Iran’s Islamic Revolutionary Guards said on Thursday that it had targeted a base where the U.S. strikes originated but did not say where that was or how it had been attacked. The guards warned that further U.S. strikes would be met by an even “more decisive” response.

On Thursday morning, the Kuwaiti military said that its air defenses had intercepted hostile drones and missiles, but did not specify the origin or extent of the attack. The United States has five military bases in Kuwait.

Hours earlier, American forces conducted strikes in southern Iran, the second round of attacks this week. The United States knocked down four attack drones that a U.S. official said Iran had launched over the Strait of Hormuz.



Iran said it targeted an American airbase Thursday, a response to new U.S. attacks that it called a “blatant violation” of both the shaky ceasefire between the two countries and international law.

The latest military exchange, which appeared to draw in the United States’ ally of Kuwait, raised further doubts about diplomatic efforts to end the war and reopen the crucial Strait of Hormuz.

Hours earlier, President Donald Trump signaled an agreement between the two sides wasn’t close, and that he would not be rushed by either international economic pressure or the political pressure of upcoming midterm elections.  

Iran’s chokehold on the Strait of Hormuz — which it has effectively shut off in response to the U.S.-Israeli attack late February — has caused a global economic shock, with prices rising for oil, natural gas, fertilizer and other essential goods.

Trump also warned Oman, another U.S. ally in the region, against partnering with Iran to jointly control the Strait. “Oman will behave just like everybody else or we’ll have to blow them up,” he said during a Cabinet meeting, before adding, “They understand that. They’ll be fine.”


Chump is a con man, grifter and liar and he's assembled people like him to staff the administration.  Which is how we get Pete Hegseth and others who lie about the amount of weapons.  We called it out at the start of the Iran War -- they were running out of weapons.  Ben Finley (AP) reports now:

U.S. military contractors need at least three years to replenish stockpiles of three key weapons systems used heavily in the Iran war, according to an analysis released Wednesday, adding to concerns that American forces would have limited firepower in any future conflict with China.
The weapons systems are Tomahawk cruise missiles, which are used to strike targets deep inside enemy territory, and Patriot and THAAD interceptors that defend against incoming missiles and drones.

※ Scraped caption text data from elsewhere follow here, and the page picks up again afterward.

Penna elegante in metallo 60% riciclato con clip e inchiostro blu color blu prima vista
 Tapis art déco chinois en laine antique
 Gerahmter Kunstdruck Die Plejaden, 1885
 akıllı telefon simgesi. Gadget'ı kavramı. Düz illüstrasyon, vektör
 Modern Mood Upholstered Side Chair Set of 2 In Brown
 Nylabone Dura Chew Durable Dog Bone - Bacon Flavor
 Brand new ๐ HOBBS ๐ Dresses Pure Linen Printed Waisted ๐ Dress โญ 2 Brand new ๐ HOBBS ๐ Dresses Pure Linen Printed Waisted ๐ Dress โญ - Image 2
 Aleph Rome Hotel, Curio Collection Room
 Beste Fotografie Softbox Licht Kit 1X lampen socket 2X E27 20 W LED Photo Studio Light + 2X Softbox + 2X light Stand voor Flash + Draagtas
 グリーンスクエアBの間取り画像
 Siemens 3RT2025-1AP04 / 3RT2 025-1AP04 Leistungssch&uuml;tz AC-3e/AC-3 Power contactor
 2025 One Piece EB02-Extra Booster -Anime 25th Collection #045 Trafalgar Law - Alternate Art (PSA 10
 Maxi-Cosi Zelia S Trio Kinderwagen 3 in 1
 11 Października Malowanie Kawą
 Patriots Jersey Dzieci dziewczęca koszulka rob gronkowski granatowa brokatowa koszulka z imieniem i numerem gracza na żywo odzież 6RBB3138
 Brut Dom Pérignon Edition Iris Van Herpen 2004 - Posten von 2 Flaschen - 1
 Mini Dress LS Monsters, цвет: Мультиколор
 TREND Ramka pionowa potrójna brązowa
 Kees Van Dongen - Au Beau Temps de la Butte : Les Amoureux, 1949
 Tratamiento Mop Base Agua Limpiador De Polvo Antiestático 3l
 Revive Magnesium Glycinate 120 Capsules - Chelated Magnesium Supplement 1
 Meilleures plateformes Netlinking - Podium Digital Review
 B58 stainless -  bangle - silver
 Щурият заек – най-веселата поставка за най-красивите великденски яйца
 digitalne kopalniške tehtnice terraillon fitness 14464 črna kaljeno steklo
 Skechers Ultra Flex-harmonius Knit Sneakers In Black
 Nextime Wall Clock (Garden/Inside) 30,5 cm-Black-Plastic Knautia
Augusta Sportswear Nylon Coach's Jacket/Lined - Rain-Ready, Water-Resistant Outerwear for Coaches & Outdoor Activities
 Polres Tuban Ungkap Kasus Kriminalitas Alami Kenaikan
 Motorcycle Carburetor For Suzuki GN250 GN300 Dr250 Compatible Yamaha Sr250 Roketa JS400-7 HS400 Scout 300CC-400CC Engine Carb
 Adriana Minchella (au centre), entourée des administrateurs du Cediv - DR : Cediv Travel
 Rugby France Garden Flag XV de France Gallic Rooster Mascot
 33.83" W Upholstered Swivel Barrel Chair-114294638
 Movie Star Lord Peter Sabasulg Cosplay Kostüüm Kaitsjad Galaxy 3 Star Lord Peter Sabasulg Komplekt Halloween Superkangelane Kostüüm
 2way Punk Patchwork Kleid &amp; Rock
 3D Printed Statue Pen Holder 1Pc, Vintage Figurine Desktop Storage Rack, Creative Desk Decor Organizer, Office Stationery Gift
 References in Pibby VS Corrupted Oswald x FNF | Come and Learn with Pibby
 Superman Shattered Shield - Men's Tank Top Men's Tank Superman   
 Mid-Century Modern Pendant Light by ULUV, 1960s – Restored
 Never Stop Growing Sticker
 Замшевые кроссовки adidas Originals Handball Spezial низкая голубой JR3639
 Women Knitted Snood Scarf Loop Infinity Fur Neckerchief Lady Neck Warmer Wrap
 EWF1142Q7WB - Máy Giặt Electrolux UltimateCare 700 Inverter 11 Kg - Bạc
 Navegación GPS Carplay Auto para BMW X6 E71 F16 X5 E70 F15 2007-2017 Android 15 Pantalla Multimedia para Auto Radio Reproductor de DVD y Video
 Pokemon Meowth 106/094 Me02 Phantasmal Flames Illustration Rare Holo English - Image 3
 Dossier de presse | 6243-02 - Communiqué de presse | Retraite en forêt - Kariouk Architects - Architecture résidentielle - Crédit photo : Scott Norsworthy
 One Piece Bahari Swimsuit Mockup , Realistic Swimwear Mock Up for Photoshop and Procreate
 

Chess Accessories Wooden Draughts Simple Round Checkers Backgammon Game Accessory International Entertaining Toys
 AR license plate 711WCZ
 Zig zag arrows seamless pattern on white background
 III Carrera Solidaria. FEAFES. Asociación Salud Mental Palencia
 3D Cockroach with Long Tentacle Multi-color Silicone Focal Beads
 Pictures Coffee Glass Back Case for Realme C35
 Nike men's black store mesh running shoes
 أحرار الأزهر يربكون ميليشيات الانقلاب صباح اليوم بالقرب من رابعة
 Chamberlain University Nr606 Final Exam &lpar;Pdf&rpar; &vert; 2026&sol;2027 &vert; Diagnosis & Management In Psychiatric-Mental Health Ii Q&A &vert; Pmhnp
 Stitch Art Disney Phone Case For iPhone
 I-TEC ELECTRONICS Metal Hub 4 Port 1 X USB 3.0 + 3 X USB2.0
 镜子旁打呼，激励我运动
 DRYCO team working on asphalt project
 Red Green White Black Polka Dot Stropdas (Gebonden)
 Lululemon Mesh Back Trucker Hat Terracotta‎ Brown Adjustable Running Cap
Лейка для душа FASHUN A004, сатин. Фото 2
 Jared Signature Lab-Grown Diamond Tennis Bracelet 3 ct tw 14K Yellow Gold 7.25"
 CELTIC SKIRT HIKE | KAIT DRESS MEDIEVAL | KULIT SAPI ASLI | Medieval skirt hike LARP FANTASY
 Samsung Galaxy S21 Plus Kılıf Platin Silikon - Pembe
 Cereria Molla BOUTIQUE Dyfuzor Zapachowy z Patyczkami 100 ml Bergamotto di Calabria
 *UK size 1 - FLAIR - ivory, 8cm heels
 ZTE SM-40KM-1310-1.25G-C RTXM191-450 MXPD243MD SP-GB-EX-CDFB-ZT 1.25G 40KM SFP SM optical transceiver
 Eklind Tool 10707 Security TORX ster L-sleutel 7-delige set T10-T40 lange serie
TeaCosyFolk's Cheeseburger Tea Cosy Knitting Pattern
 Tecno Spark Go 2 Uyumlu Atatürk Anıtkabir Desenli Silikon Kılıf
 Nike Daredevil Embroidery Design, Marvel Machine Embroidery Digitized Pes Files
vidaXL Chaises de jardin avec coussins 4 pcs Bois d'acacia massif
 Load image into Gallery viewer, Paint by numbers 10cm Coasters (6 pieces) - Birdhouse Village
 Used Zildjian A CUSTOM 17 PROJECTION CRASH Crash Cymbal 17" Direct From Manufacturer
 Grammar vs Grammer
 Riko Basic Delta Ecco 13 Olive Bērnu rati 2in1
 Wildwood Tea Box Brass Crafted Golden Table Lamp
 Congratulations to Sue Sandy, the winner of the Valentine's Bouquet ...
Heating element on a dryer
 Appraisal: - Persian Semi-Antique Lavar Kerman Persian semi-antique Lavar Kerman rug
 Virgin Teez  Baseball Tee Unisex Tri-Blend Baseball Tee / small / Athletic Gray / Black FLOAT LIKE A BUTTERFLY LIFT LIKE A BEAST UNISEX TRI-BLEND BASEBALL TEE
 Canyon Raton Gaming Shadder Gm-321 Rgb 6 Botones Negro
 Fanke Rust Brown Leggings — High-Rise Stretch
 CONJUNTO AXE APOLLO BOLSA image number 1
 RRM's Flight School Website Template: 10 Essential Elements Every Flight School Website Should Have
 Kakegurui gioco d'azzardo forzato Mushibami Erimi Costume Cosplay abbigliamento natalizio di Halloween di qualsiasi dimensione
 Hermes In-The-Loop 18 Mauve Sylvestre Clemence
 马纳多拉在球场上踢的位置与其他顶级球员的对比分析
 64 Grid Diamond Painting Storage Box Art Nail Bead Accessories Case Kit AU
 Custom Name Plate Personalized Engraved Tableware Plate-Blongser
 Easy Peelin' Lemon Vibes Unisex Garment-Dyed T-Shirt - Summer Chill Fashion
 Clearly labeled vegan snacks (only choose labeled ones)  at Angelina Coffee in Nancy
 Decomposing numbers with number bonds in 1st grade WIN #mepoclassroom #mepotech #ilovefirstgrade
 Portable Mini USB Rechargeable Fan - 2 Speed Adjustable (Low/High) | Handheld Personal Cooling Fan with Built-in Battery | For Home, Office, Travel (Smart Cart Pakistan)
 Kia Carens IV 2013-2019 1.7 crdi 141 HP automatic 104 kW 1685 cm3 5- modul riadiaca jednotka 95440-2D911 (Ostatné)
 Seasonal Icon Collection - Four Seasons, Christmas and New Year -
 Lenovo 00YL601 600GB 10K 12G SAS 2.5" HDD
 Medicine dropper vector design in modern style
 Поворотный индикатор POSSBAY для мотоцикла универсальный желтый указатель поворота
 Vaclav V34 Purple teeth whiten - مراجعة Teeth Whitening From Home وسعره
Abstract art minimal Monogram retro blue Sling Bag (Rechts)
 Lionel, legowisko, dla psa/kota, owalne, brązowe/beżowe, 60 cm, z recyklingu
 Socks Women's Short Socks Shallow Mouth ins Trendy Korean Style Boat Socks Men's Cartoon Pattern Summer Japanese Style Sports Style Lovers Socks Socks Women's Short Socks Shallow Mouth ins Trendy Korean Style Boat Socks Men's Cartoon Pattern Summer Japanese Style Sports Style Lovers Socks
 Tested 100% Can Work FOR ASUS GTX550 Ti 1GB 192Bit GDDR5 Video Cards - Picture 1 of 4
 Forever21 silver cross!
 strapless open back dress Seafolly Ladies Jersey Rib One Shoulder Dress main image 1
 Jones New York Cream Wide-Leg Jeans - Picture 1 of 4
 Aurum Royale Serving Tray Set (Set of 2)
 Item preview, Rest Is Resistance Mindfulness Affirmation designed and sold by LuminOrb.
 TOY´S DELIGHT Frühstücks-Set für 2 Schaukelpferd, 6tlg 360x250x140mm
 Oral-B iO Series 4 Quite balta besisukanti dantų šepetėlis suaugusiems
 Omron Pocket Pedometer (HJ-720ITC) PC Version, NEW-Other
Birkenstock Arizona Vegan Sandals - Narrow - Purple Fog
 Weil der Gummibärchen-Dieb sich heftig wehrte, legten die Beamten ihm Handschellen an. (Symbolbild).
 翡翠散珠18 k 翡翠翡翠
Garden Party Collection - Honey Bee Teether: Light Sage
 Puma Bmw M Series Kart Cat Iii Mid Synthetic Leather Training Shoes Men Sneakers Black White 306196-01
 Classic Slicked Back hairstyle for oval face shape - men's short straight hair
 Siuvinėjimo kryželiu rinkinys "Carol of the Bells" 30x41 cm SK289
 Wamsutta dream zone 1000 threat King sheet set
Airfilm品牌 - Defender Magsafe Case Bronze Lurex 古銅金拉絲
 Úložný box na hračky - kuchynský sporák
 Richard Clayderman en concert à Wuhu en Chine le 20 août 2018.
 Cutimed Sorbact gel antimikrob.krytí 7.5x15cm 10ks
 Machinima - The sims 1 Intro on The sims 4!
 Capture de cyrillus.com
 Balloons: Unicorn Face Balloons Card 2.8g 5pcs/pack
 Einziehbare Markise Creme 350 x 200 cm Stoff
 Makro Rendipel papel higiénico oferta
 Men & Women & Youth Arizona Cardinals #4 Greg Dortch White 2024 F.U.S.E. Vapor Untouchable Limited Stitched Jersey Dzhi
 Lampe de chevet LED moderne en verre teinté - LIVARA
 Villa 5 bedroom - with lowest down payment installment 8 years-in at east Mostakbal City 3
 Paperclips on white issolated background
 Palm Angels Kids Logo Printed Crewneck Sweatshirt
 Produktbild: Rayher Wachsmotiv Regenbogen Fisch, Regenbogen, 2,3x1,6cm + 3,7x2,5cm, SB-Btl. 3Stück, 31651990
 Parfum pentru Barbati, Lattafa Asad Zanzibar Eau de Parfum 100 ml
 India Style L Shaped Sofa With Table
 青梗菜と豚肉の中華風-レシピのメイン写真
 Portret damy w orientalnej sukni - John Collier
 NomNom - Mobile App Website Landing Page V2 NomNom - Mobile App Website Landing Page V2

“The United States has enough munitions for any plausible scenario in the Iran war, but the depleted inventories have created a window of vulnerability for a potential Western Pacific conflict,” the Center for Strategic and International Studies said in its new report, provided to The Associated Press. “The time needed to rebuild those inventories has thus become a major concern.”


The US and Israel are "burning through" their supply of Tomahawk and interceptor missiles in their war on Iran, alarming some in the Pentagon.

According to officials speaking to the Washington Post, the US has fired more than 850 Tomahawk cruise missiles in four weeks of its war with Iran.

Only a few hundred of the cruise missiles are manufactured each year and while the Pentagon does not publicly disclose its numbers, one official told the news outlet the number of Tomahawks left in the Middle East is “alarmingly low”.

Tomahawks can travel more than 1,000 miles, which allows the US military to hit targets in Iran without sending pilots into a hostile airspace.

It has only gotten worse since then.  


And as Ben Finley notes in his new report, the issue is not money, the issue is the time it takes to manufacture Tomahawks.  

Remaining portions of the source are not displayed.